La Norvège étant également gâtée par la nature, il est tentant de s’adonner à la cueillette et à la pêche. Heureusement, il n’existe pas de restriction pour ramasser des baies sauvages, telles que les myrtilles, les groseilles, les fraises des bois ou les framboises. Il en est de même pour les champignons, les plantes comestibles et les fleurs. Seules les mûres arctiques, ou cloudberries, sont soumises à des règles dans le Nord du pays.
Concernant la pêche, elle est praticable en mer sans permis, le long du littoral et dans les fjords. En revanche, pour la pêche en eau douce, dans les lacs et rivières, il est nécessaire d’acheter un permis ainsi que de désinfecter son matériel entre deux sites de pêche différents. Cette règle permet d’éviter la propagation de maladies d’un plan d’eau à l’autre.
Pour profiter pleinement de l’Allemannsrett, des itinéraires balisés et sécurisés peuvent être suivis. Le site UT.no fournit des informations importantes pour tous les randonneurs, qu’ils soient à pied, à skis, à vélo ou en kayak.
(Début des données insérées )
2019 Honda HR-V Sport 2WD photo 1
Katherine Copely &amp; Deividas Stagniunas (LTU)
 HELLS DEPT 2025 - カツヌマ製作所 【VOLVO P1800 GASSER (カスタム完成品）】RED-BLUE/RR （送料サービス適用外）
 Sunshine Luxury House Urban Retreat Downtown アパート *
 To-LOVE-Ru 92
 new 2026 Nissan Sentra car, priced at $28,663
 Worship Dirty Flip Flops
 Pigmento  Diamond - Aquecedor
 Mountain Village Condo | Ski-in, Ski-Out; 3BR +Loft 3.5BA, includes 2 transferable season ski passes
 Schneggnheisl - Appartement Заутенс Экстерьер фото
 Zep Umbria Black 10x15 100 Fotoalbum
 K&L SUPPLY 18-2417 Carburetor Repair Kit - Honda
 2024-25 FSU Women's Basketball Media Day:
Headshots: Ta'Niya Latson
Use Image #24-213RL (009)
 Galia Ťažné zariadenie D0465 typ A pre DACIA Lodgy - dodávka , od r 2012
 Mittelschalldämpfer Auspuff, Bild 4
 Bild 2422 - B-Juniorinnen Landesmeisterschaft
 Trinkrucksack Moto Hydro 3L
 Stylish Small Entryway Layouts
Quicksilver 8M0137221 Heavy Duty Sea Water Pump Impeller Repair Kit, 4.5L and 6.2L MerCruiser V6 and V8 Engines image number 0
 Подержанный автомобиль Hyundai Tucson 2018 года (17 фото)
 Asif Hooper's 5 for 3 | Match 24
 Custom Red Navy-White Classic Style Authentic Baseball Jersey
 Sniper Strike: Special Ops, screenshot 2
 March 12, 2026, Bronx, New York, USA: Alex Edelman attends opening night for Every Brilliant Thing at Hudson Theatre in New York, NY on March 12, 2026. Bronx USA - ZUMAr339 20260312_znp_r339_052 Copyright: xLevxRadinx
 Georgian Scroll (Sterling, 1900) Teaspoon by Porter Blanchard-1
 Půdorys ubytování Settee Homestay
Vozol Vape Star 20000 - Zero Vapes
Il répertorie aussi toutes les « hytter », des maisons isolées qu’il est possible de louer pour des excursions dans la nature.
A l’heure de l’écologie, se reconnecter avec la nature sans l’abîmer semble vital pour de plus en plus de monde. Pouvoir en disposer dans le respect est un droit à saisir. C’est ce que font les Norvégiens depuis des siècles.